2017 Kawasaki Z900 review, test ride

    Mean and green, the newest street-naked from Kawasaki is ready to take on the urban scramble. But is it capable of more?

    Published on Jul 07, 2017 03:58:00 AM


    Make : Kawasaki
    Model : Z900

    Gone are the days when motorcycle riders were required to have a fair amount of brawn and almost no notion of fear to ride a motorcycle fast. Modern motorcycles are becoming increasingly easier to ride, and in the right hands, frighteningly fast. Now we know that the Z800 was an absolute bomb of a bike to ride; it had a brilliant engine and predictable handling. For 2017, though, the Z900 replaces the Z800 and we take it to the streets to find out what’s different.

    Wild child

    The Z900 gets the new headlight cluster consistent with the ‘Z’ series. While it carries forward the Sugomy styling of its predecessor, the front bikini fairing is all new, so is the tail section, and it even exhibits a new exhaust design. This new twin headlight has a more fluid look to it, with a forward jutting jawline that accentuates its aggressive look. Sitting atop the headlight is a blacked-out windscreen that offers some amount of wind protection. The negative-lit LCD speedometer is all new and is shared with the likes of the Z650 and the Ninja 650. It’s got a nice semi-circular, cascading tachometer, a gear indicator and a large centralised digital speed readout. Like on the larger Kawasakis, the tachometer acts as a shift indicator; the needles begin to blink when it’s time to shift up.

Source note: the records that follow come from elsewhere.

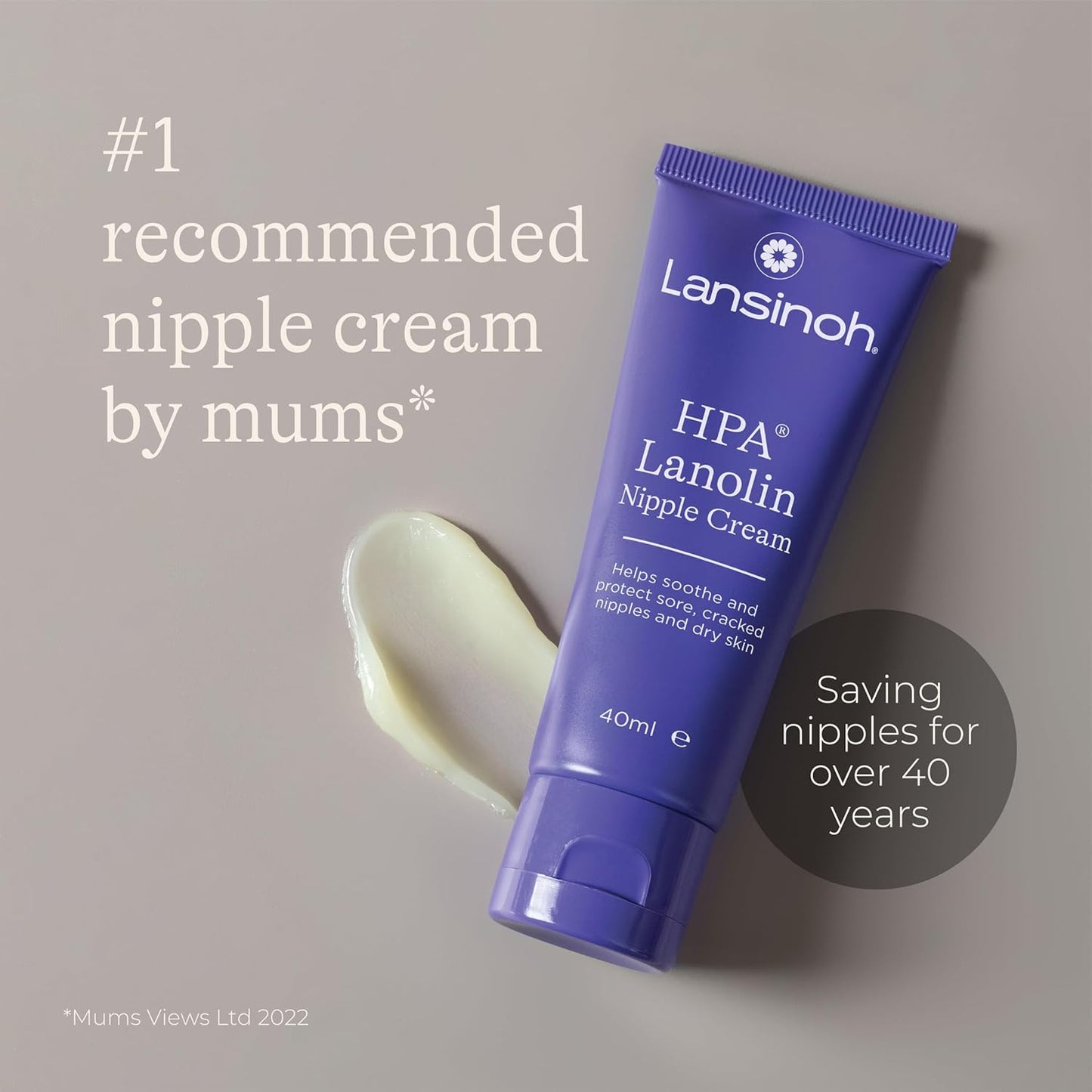 "Lansinoh HPA Lanolin Nipple Cream, 40ml – 100% Natural, Hypoallergenic, Tasteless and Odourless, Safe for Breastfeeding"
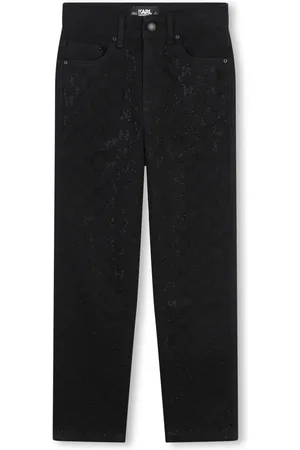 Karl Lagerfeld Jeans met logoband van katoenblend
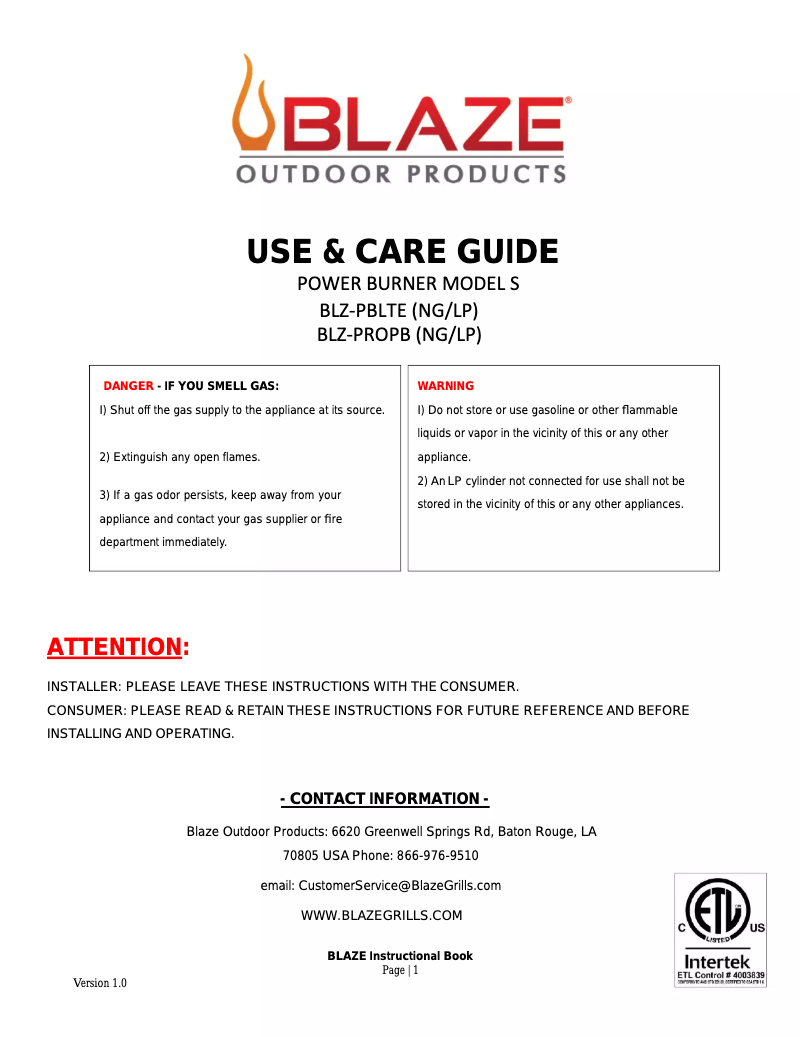 Page 1 de la notice Manuel utilisateur Blaze BLZ-PBLTELP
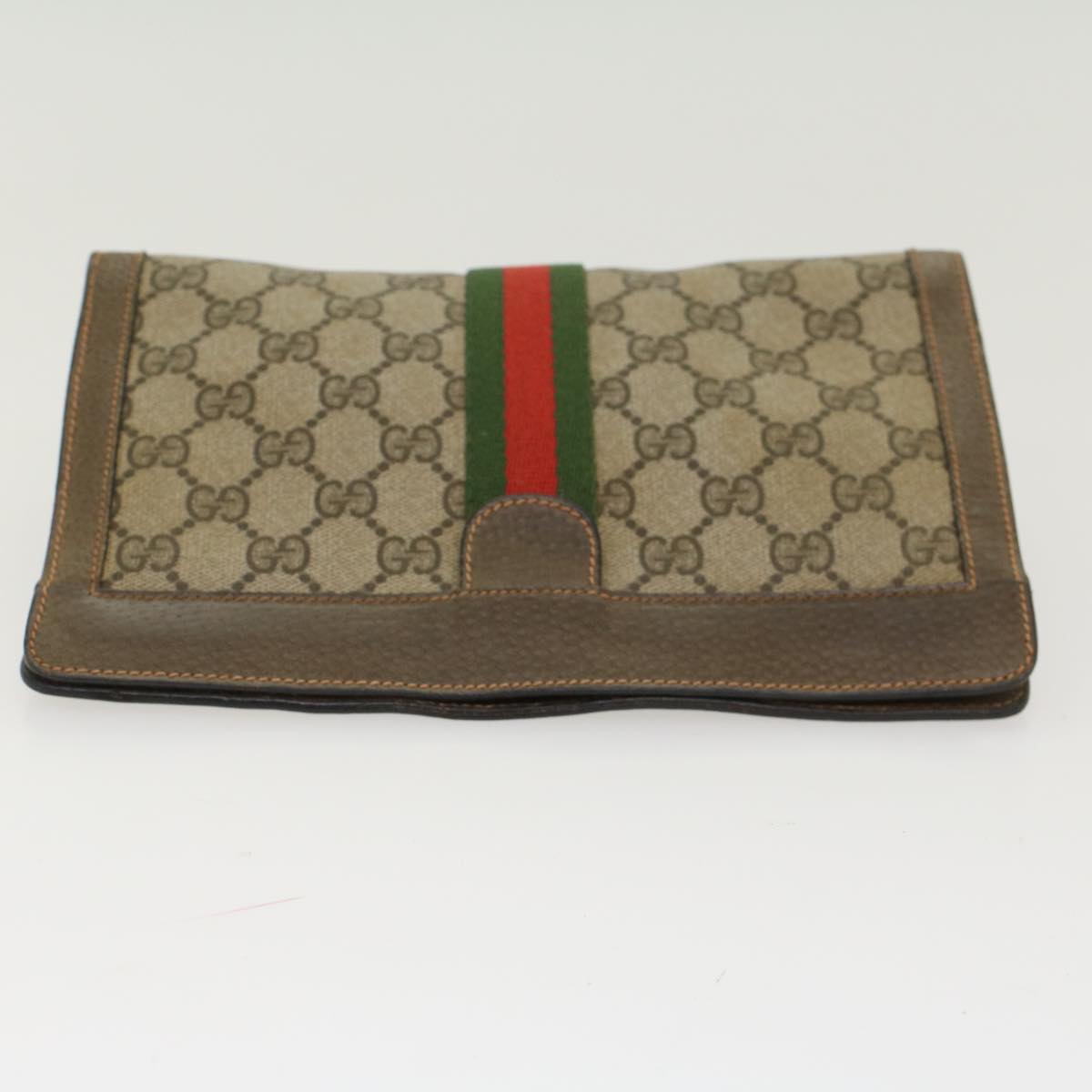 GUCCI GG Canvas Web Sherry Line Clutch Bag Beige Red 89•01•001 Auth ep1055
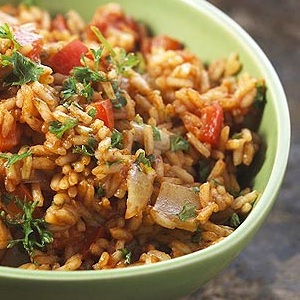 برنج قهوه ای با سبزیجات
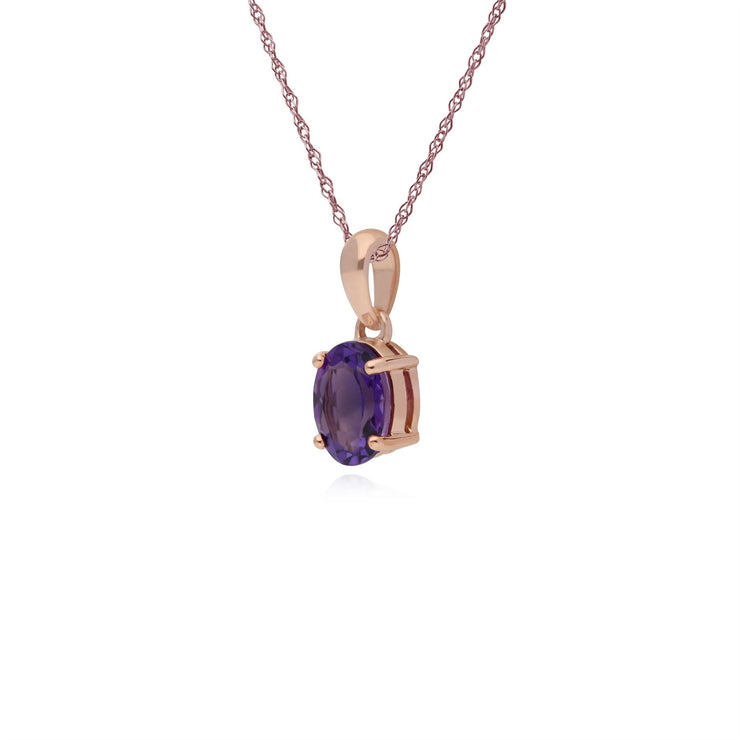 Collana con ametista, ciondolo ovale classico con 4 griffe in oro rosa da 9 ct con ametista su catena da 45 cm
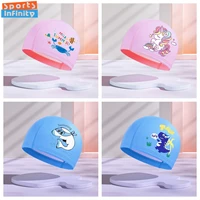 Girls Swimming Cap Cartoon Cute Waterproof High Elastic Ear Protection Swimming Hat for Children Boys Kids Swimming Accessories 1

    The tank’s organic shape goes well with the Sugomy design philosophy, with the key slot located right at the front of the tank. There’s a nice, wide seat that’s well padded and reasonably comfortable for longer hauls. Our test machine was fitted with a rear seat cowl – an add-on accessory – so we didn’t have the chance to check pillion seat comfort. The tail end culminates in a typically ‘Z’ series fashion and has the LEDs placed in the shape of a ‘Z’. The slightly boxy and angular nature of the Z800’s design has given way  to more organic curves. It’s still unmistakably a ‘Z’, and its overall silhouette has been pretty much carried over from its predecessor. Overall fit and finish levels are quite impressive too.